Le chevalier mène la danse
Un
répertoire hispanisant vif et enjoué. C’est ce qu’on pourra
dire du ballet Don Quichotte qui sera présenté sur les
planches de l’Opéra du Caire et d’Alexandrie, par le Ballet
National de Cuba. La chorégraphe Alicia Alonso a choisi de
donner le ballet complet, après avoir longuement étudié le
roman du même titre signé Miguel Cervantès et la version
originale classique du chorégraphe français Marius Petipa
(1869-1871). Celui-ci mêle l’intrigue amoureuse de la jeune
Quitéria et du barbier Basile à l’Odyssée du « chevalier à
la triste figure ».
En 2006, se produisant toujours à l’opéra du Caire, Alonso
a par contre opté pour un spectacle renfermant six extraits
de ballets classiques. C’était The Magic of Dance (la magie
de la danse), lequel a eu beaucoup de succès notamment le «
pas de deux », du troisième acte de Don Quichotte, devenu le
chevalier de bataille pour les étoiles classiques.
La version qui sera présentée cette fois-ci par Alicia
Alonso se compose d’un prologue et de trois actes, ayant le
mérite d’accorder une plus grande place aux personnages de
Don Quichotte et de Sancho Pança. Or, ces derniers, dans
beaucoup d’autres versions, ne font que traverser les
diverses péripéties amoureuses contrariées du barbier Basile
et de Quitéria, la fille de l’aubergiste. Ici, le chevalier
et son valet, faisant le lien entre les différentes scènes,
sont véritablement les protagonistes du ballet. Resserrant
l’action et lui apportant un dynamisme théâtral, le
chevalier et son valet font de Don Quichotte, l’un des
ballets les plus enjoués du répertoire classique.
Irréprochables
sur le plan technique, les danseurs allient énergie,
jeunesse, spontanéité et appétit du jeu. La chorégraphie
très classique est marquée par une excellente cohésion du
corps et l’engagement total des solistes dans leur rôle
faisant bonne figure. Des solistes exceptionnels, tels les
premiers danseurs Viengsay Valdes (Kitri) Romel Frometa (Basilio)

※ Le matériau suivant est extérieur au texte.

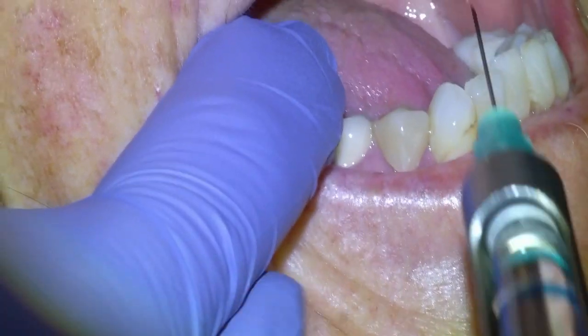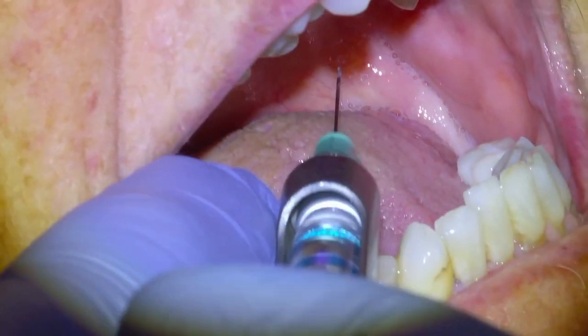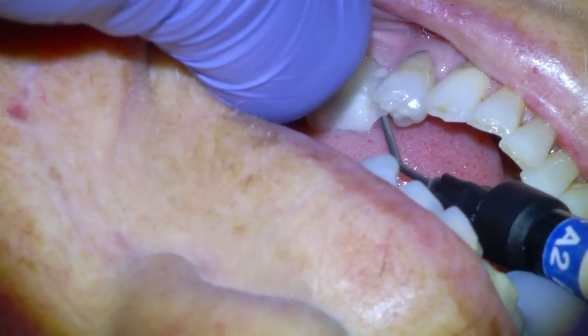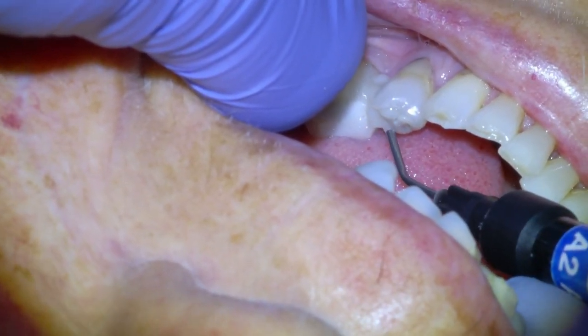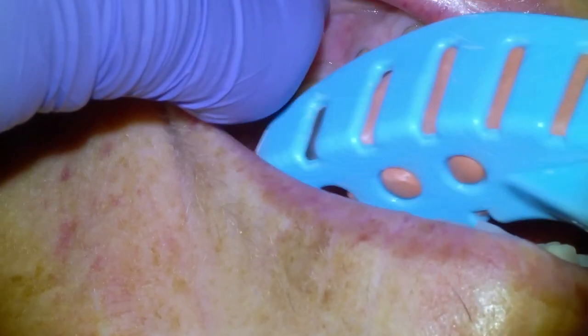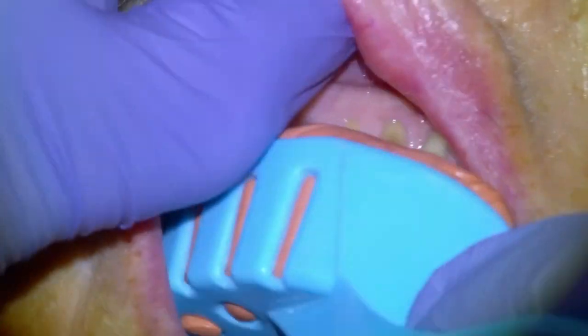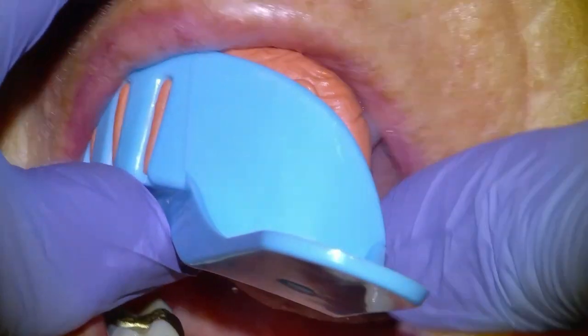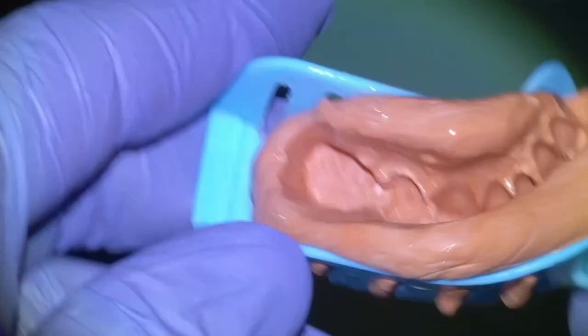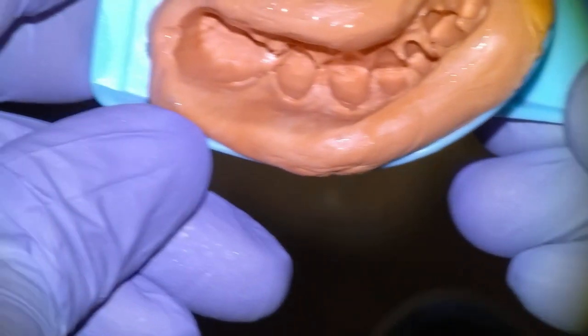Getting on to the procedure and the clinical footage, we're going to begin by administering a mandibular nerve block. Before we get our preliminary impression, I'm going to put a little bit of flowable composite into the missing tooth structure, light cure it, and then get our preliminary impression for making the temp at the end. We'll give that material time to set and we're satisfied with that preliminary.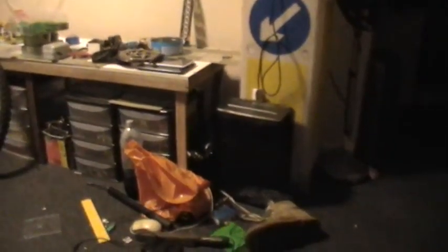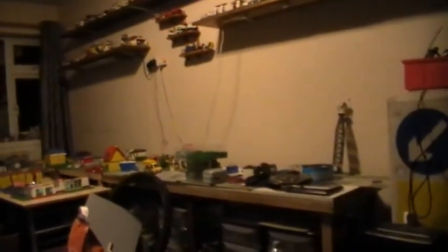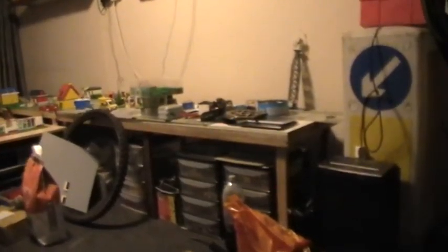Looking at that table leg — it's rather on the piss. I think I may end up rebuilding that Lego table a little bit sooner than planned. I need a table top — that's what I need. I will think of something for that table eventually. I'm sure something will come along at the recycling centre.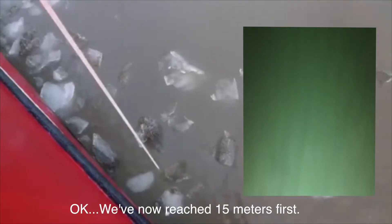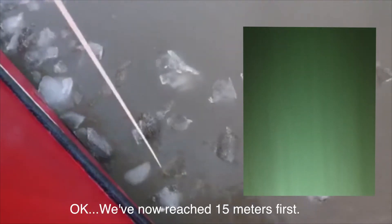Okay, we are now reaching about 50 meter first. Let's keep it for a while. Let's have breakfast first.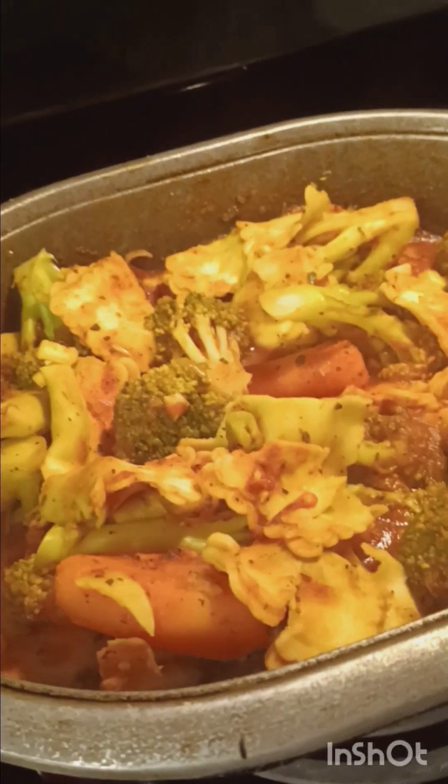That is our finishing product. I'll give it a good stir. Presentation will look better on the plate. Veggie ravioli.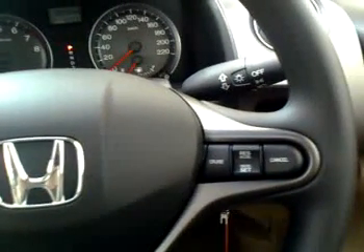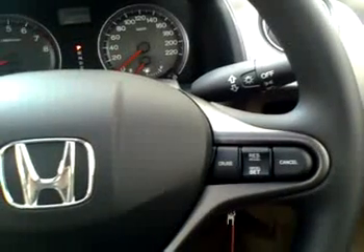Obviously, the cruise control doesn't work. Hang on for that. Let me know, but I'll update after a future ride.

Miguelangel Blanco (Espada), Sadaise Arencibia (Mercedes),
Yanela Pinera (la reine des Dryades) et Aymara Vasallo
(Cupidon). Ces derniers, mêlés aux autres membres du ballet
cubain, donnent à voir les plus beaux styles traditionnels
de la danse classique, incrustée d’une touche particulière
du folklore cubain. Cette touche cubaine est un élément
d’harmonie entre les gestes des danseurs et le déploiement
gracieux de leurs corps.
En quelque sorte, Alicia Alonso (née à la Havane en 1921)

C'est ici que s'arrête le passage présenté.